An energy management system (EMS) is an essential function needed to increase energy efficiency and to optimally coordinate several energy sources. A large number of systems have been proposed, but not all have the same objectives or technologies. After a classification and definition of EMS, several systems were integrated and tested to understand possible applications and their advantages.
The increased use of renewable energy and distributed resources, along with the need to increase energy efficiency and energy savings, are the main drivers for the implementation and utilization of energy management systems (EMS).
The concept of an energy management system is not new in a power system, but it was commonly believed to be a computer system (a combination of hardware and software) that monitors and controls the high voltage power grid, including transmission and generation. It was controlled by a SCADA (supervisory control and data acquisition) system and a certain number of advanced applications including forecasting and optimization.
The central EMS concept is still very important with a smart grid, but next generation applications are necessary to answer the needs of the changing power system.

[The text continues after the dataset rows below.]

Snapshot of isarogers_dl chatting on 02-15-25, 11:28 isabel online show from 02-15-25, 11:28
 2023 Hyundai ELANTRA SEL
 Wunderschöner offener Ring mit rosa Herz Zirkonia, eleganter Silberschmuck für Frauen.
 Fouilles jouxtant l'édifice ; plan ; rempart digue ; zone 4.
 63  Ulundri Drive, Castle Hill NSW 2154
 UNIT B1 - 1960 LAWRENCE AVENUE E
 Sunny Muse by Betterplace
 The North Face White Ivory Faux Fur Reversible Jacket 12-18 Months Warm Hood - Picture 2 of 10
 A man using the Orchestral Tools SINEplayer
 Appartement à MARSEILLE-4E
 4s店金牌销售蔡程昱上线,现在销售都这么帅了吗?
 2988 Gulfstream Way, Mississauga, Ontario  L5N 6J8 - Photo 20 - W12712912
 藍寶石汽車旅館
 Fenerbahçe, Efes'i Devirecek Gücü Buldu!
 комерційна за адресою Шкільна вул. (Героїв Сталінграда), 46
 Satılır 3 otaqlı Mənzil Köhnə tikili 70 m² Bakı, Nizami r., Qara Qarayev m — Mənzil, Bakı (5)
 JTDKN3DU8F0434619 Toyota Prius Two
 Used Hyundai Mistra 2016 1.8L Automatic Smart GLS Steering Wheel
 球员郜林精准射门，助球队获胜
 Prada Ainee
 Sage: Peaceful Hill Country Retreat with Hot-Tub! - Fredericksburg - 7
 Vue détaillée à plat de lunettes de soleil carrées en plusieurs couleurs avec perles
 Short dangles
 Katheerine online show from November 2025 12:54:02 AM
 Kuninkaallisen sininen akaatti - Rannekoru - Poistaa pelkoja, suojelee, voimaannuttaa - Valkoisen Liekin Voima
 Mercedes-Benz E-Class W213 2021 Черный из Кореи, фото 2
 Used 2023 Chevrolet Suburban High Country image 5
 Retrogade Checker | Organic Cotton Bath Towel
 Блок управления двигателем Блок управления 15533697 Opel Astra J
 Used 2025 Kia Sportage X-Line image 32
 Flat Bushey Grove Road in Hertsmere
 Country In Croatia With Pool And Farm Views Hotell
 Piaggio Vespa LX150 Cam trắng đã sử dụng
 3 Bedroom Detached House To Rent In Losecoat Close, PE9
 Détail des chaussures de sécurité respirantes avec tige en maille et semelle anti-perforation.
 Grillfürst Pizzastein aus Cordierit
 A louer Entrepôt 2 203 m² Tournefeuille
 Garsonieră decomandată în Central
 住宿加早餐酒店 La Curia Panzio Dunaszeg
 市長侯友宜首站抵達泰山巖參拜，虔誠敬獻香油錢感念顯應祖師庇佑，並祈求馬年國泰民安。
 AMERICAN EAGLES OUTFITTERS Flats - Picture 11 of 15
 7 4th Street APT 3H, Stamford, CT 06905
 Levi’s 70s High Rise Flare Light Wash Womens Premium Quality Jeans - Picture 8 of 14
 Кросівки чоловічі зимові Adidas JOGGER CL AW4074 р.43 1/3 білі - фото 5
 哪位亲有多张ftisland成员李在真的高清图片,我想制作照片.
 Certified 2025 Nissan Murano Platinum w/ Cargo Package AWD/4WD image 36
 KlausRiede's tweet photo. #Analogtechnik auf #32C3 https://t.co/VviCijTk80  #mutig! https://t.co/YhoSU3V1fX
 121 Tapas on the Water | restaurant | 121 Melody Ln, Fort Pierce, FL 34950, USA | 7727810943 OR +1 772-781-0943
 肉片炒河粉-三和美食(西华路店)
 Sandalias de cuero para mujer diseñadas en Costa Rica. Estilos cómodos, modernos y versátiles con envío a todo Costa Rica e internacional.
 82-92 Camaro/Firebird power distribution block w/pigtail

EMS is also applied to several levels of energy management: starting at a microgrid or community grid, going down to a unit as small as an independent house. CEMS (Community Energy Management System), FEMS (Factory Energy Management System), BEMS (Building Energy Management System) and HEMS (Home Energy Management System) are commonly used in the smart grid arena to indicate applications that monitor and control resources or load in defined entities (for example, a community, factory, building or house). The main objectives of these applications are normally recognized as consumption optimization and automation of operation.
The differences in objectives imply various technologies and implementations. Illustrated below is a focus on the next generation central EMS. From a technological point of view we individuated three main concepts that are not commonly implemented in a classic central EMS.
Based on these concepts, a central EMS was developed and tested in a test facility created in a factory in Amagasaki, Hyogo Prefecture, Japan, in 2010. The smart grid test facility is an independent grid with a large number of photovoltaic systems (more than 140) interconnected to a distribution network. Storage systems, including batteries and hydro pump storage, thermal generators and load are also connected to the same grid to recreate an environment similar to the anticipated Japanese grid in 2020. The distribution network is connected to the main power grid with back-to-back converter, (a force-commutated rectifier and a force-commutated inverter connected with a common dc-link) controlled by a digital simulator.
The advantage of having a digital simulator and a back to back is related to the possibility of simulating any kind of network size and configuration allowing the real behavior of the physical equipment to be fed back to the digital simulator. The total system can be considered as a hybrid analog-digital simulator.
The results for the tests can be summarized in three main achievements. The introduction of a stochastic approach to the unit commitment and the economic load dispatch allows the software to produce a plan and a dispatch that is robust compared with a classical deterministic approach, with a minimum increase in fuel costs.
The implementation of a hierarchical recursive SCADA system allows the reduction in the number of high-speed communications interconnections. A local SCADA monitors distributed equipment, and data are estimated and aggregated before being transmitted to the upper layer of the system.
Energy storage systems, if properly operated, have a very high value in the smart grid. Simulation and test results showed that in the forecasted east Japan power system, 2 GW of batteries can help to integrate up to 15GW of solar photovoltaic generation.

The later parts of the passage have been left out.